CEPR Co-Director Eileen Appelbaum took part in a recent panel discussion on the Future of Work. This is a Q&A prepared for the event.

What are the most important takeaways from the new CWS data?

In February 2005, 7.4 percent of workers were independent contractors. In the new CWS data for 2017, this has decreased to 6.9 percent — about what it was in 2001. Gig economy workers are a subset of these workers — so the decline in the share of independent contractors was a surprise to many pundits. But other studies have shown that gig workers are less than 1 percent of the US labor force.

The low share of independent contractors is not surprising to economists who follow these issues. Independent contractors are about 60 percent of self-employed workers. Regularly published data on self-employed workers show that this category has hardly increased since 2005.

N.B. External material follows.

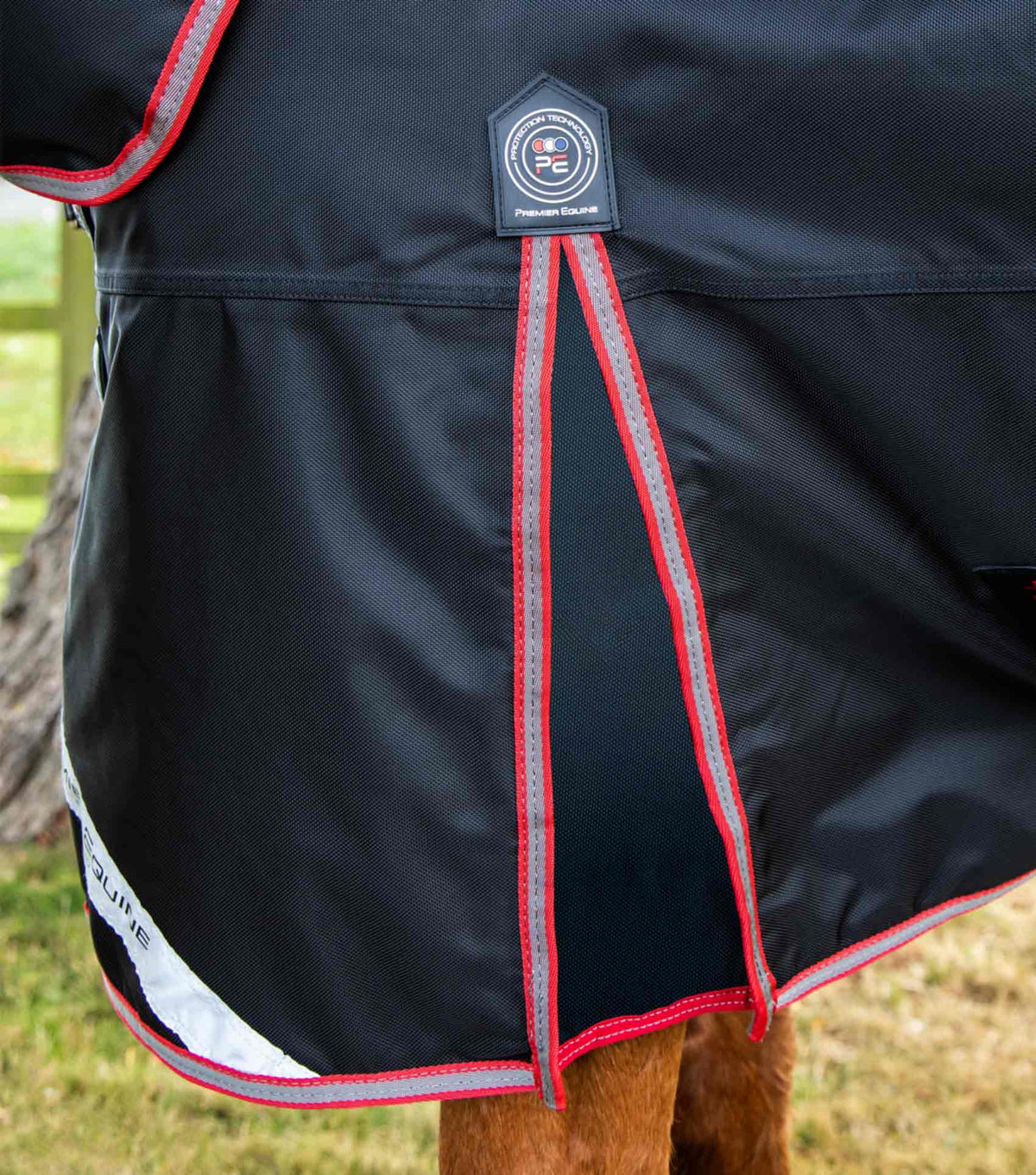 Titan 100g – couverture d’extérieur avec couvre-cou Snug-Fit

This doesn’t mean that nothing has changed since 2005. For example, the number of independent contractors in transportation has increased by about 250,000 — probably due to Uber, Lyft, Via — while those in construction decreased by almost as much. Still, 19.3 percent of construction workers are independent contractors compared with 5.7 percent of transportation workers.

What is being left out by the CWS numbers? What parts of the workforce or labor market might they be leaving out? What are the research gaps and unanswered questions? What do we need more research on?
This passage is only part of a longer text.